Return the following from the records below: each line, word for word, starting with the line that contains "salad with strawberry 41312592" and going on through the line that contains "カボチャとコーンの落とし揚げの作り方の手順1", with nothing outside that range.

--

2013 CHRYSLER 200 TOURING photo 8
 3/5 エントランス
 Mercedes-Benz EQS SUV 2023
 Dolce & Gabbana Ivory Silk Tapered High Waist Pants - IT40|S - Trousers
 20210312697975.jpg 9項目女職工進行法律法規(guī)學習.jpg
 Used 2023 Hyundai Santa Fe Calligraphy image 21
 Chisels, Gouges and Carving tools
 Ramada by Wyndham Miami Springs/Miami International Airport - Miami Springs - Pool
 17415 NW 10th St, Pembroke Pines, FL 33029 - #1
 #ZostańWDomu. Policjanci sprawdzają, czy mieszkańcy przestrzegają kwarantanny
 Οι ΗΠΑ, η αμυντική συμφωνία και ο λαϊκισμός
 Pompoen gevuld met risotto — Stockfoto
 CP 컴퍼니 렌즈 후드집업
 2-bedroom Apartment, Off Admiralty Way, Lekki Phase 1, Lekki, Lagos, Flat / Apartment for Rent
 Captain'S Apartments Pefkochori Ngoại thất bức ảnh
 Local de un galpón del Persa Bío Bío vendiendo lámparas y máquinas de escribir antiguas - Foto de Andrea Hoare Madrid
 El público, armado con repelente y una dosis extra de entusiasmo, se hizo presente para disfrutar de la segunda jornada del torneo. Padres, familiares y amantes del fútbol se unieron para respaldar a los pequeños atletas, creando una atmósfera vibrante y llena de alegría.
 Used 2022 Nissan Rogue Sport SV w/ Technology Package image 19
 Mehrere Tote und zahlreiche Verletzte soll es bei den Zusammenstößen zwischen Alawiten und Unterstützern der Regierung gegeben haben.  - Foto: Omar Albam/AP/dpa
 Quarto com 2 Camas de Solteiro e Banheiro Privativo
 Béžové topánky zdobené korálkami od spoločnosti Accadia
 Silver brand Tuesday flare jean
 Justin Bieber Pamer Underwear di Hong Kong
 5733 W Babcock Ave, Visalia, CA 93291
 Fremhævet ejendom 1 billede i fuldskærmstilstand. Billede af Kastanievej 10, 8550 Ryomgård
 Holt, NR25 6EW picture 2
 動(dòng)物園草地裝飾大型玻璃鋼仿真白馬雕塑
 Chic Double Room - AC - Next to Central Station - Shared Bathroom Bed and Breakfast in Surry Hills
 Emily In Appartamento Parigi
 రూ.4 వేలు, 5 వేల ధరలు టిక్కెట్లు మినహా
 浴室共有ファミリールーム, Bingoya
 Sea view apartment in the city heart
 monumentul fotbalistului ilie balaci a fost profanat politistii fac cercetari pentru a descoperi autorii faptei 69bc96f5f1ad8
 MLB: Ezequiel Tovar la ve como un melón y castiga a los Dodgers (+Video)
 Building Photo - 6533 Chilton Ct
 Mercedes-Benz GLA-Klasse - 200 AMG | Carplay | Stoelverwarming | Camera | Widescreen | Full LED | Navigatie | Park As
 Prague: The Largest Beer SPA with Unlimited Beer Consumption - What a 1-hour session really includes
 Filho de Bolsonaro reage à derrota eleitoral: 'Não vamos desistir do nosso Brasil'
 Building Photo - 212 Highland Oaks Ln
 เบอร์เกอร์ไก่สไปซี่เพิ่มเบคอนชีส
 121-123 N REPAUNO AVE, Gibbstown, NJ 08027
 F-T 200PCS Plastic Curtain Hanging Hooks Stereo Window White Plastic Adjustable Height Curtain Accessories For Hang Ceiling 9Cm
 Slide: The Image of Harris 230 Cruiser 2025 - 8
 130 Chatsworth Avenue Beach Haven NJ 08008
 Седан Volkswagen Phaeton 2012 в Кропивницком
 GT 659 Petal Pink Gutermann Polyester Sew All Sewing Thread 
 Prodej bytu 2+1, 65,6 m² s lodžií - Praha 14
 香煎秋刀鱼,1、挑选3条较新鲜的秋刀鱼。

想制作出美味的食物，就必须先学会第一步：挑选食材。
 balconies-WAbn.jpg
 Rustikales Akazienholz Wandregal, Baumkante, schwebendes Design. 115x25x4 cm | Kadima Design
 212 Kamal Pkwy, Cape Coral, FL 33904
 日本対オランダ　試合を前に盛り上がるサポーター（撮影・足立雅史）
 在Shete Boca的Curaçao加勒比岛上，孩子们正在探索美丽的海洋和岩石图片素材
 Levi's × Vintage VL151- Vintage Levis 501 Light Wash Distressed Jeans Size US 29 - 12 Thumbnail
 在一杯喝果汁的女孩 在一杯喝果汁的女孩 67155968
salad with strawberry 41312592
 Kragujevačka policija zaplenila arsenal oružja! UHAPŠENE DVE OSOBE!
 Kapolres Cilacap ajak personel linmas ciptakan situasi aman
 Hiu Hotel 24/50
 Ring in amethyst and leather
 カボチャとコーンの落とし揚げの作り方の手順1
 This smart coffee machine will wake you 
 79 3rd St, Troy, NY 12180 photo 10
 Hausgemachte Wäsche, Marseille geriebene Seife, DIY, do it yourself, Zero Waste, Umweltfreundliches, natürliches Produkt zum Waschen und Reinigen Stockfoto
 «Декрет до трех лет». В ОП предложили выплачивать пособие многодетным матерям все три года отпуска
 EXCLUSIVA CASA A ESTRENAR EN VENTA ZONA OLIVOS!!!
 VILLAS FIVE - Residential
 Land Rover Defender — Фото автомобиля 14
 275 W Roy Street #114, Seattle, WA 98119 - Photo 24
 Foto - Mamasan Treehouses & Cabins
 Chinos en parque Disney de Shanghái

--

# Exercise output:
salad with strawberry 41312592
 Kragujevačka policija zaplenila arsenal oružja! UHAPŠENE DVE OSOBE!
 Kapolres Cilacap ajak personel linmas ciptakan situasi aman
 Hiu Hotel 24/50
 Ring in amethyst and leather
 カボチャとコーンの落とし揚げの作り方の手順1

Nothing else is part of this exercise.